By Barry Schwartz
Q3 earnings season has gotten off to a great start. According to Zacks Investment Research, 128 out of 159 S&P companies have delivered positive earnings surprises. And yes, we are seeing revenue growth. Excluding financial companies, revenue is up 10% year over year. For the full year, S&P firms should earn around $80 in 2010, up a remarkable 40% from 2009 and back to pre-recession levels. Folks, this is a V-shaped recovery.
With a little (well maybe a lot of) help from low interest rates, rising corporate profits will kick-start the US economy. Here’s what will happen. Right now American companies are sitting with close to $1 trillion in cash and non-financial company balance sheets are in their best shape in 50 years. Slowly buy surely, CEOs and CFOs will get fed up with collecting “bupkis” on their cash balances and will start to put the cash to work.
The first step will be to return some of that security blanket to shareholders in the form of dividend increases and stock buybacks. 299 companies increased their dividends during the third quarter, an increase of 56% from the same time last year, according to an analysis by Standard & Poor’s. If a company is worried about the future, the last thing it does is raise its dividend. The second step will be to use the low interest rate environment to invest in capital equipment, make acquisitions and, god willing, hire new employees.

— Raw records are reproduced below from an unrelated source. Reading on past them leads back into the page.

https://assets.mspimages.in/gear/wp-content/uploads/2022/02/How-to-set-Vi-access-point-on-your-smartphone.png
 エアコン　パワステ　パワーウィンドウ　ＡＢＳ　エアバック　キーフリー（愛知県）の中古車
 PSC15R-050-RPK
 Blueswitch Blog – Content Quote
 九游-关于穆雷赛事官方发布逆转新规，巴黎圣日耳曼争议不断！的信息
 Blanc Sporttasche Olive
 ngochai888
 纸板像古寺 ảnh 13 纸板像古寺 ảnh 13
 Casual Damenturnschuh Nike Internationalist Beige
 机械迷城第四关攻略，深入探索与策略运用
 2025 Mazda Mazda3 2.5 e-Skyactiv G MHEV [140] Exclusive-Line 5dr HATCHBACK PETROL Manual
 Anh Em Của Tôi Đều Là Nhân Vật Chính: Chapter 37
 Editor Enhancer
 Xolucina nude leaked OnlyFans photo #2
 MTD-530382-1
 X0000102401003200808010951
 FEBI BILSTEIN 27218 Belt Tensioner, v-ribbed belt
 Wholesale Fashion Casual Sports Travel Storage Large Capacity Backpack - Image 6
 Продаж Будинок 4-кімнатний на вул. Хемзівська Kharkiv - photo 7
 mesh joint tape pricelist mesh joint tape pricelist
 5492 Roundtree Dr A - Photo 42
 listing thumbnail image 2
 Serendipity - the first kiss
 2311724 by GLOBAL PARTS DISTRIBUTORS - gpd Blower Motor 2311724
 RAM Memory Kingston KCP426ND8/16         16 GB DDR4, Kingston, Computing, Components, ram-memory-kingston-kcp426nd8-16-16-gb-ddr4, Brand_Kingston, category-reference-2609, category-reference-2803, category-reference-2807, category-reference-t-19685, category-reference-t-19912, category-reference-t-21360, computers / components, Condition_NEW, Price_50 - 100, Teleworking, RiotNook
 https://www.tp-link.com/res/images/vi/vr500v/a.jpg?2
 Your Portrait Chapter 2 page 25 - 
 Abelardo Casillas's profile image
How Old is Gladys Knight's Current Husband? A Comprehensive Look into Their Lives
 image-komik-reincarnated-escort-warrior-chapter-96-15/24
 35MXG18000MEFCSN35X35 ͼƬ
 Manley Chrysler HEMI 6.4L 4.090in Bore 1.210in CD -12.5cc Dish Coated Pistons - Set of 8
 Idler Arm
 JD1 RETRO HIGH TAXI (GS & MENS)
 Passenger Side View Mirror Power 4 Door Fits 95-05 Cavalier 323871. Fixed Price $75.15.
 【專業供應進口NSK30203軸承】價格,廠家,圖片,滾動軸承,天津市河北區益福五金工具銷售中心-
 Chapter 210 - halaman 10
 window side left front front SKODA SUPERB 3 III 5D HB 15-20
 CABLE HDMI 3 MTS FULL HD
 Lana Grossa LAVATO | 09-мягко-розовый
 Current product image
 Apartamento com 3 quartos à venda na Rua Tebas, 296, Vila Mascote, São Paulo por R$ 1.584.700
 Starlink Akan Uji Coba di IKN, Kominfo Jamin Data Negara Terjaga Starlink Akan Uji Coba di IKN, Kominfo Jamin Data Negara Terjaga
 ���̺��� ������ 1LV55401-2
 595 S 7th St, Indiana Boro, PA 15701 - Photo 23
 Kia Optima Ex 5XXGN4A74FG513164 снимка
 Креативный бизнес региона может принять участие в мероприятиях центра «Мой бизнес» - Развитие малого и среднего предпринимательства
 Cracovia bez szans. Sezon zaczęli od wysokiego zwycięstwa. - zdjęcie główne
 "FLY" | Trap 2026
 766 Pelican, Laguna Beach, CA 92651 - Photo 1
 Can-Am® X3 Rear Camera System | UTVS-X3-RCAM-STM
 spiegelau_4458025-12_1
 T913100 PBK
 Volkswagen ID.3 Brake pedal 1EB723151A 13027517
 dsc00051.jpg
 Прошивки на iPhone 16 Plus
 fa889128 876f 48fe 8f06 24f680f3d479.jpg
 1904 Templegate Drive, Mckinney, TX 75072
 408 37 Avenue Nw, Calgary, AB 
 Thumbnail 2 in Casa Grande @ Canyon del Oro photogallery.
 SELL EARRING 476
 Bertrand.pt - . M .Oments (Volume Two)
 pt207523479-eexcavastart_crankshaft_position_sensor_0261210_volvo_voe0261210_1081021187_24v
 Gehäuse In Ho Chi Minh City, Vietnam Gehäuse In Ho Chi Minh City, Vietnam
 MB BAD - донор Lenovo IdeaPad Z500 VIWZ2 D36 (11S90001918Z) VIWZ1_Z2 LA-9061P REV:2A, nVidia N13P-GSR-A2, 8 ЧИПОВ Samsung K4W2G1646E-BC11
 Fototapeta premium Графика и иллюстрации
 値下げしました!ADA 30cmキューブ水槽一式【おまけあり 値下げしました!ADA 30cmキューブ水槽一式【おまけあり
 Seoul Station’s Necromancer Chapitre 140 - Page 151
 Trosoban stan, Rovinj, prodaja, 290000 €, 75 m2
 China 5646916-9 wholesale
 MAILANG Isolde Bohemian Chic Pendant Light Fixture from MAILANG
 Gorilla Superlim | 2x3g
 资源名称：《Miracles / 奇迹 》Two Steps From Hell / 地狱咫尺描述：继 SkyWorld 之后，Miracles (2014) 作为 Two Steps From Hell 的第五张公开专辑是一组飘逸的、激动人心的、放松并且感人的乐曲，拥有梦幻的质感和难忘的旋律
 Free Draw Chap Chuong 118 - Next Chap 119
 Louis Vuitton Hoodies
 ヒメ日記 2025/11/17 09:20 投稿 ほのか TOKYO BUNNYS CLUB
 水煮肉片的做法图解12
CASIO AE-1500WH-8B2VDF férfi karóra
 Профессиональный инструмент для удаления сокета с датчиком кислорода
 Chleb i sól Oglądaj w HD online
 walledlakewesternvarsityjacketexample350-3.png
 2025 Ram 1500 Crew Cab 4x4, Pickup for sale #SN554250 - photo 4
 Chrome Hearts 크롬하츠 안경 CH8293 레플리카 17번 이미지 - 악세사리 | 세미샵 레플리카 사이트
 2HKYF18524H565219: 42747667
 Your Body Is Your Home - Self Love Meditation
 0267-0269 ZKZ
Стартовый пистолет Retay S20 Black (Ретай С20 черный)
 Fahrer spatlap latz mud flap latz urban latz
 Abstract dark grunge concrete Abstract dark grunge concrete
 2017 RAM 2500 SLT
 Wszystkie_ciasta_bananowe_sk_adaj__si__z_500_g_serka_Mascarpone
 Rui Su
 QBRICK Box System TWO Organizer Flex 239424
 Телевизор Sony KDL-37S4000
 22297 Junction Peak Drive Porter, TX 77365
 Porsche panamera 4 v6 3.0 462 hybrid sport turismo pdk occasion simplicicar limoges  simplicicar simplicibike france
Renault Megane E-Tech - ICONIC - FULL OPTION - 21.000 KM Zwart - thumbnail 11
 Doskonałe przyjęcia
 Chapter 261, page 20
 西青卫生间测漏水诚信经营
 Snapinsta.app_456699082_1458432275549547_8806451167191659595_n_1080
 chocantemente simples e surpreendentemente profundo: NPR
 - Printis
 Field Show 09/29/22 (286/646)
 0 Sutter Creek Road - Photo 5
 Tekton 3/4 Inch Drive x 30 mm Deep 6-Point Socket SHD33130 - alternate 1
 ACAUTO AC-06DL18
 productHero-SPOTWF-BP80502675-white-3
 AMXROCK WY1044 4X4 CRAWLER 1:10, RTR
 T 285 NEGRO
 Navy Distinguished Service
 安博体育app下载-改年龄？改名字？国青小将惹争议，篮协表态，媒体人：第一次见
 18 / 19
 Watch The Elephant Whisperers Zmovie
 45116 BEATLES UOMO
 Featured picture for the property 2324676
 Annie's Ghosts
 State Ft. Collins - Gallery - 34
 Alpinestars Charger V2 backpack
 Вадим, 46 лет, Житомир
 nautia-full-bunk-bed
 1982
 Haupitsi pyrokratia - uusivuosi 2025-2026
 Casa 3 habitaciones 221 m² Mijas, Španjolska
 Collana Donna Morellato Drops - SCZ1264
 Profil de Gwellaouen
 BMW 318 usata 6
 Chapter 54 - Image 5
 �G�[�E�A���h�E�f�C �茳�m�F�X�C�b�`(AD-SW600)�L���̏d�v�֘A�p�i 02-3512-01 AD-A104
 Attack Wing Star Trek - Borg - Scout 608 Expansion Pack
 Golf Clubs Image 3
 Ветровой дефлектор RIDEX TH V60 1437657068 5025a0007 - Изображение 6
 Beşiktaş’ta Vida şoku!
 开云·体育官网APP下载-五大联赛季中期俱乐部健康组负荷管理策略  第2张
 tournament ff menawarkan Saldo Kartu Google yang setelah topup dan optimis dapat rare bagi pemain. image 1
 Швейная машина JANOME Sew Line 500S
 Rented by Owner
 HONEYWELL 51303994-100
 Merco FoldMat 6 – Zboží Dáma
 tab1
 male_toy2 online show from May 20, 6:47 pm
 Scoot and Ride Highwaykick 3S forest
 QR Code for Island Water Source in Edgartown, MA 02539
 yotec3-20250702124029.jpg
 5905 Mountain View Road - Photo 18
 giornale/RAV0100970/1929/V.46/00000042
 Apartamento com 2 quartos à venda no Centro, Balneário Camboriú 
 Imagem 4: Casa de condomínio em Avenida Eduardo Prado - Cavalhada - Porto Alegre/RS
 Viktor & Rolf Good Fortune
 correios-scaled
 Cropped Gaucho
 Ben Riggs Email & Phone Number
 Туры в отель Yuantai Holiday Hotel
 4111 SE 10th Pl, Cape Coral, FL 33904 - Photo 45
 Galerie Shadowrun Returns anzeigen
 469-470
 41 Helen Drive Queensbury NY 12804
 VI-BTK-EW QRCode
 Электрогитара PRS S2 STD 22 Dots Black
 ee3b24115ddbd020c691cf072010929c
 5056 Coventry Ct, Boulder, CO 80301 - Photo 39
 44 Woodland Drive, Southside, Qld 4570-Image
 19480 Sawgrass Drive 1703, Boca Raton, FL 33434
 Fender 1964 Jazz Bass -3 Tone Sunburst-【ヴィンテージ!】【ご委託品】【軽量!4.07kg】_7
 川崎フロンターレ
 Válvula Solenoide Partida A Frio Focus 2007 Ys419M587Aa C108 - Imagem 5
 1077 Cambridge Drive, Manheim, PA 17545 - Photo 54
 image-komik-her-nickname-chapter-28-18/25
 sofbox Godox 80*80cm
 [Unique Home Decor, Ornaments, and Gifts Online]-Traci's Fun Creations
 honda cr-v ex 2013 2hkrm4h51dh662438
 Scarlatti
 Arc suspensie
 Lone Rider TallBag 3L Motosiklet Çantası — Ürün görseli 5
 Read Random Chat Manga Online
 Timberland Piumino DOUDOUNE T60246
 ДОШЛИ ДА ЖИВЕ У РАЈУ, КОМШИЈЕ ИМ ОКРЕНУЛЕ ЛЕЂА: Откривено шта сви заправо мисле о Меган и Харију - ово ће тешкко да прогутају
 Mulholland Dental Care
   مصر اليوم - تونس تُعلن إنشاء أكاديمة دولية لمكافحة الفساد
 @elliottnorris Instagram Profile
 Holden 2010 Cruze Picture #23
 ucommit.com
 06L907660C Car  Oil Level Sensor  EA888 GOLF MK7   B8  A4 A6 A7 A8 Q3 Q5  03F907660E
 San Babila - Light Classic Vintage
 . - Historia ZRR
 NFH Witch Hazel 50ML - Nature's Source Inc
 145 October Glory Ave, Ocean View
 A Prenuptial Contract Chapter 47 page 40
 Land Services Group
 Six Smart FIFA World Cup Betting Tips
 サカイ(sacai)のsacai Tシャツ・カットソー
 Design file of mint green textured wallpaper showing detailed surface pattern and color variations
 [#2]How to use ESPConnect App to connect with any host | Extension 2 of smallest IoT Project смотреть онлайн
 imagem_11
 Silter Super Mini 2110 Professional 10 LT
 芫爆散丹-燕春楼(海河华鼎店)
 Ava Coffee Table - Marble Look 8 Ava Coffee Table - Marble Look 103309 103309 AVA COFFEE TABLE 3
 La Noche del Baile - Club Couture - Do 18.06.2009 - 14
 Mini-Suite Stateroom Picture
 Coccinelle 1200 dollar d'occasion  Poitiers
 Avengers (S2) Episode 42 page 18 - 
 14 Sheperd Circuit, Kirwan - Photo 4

The good news for investors is that stocks are attractive. The S&P 500 is trading at 14.7 times this year’s expected earnings. This is an 11% discount to the historical average since 1954 of 16.5 times. If, as expected, S&P earnings grow 15% in 2011, stocks have a lot more room to run. In fact, if corporate profits are this good in a lackluster economy, imagine what they will look like when the economy is healthy again.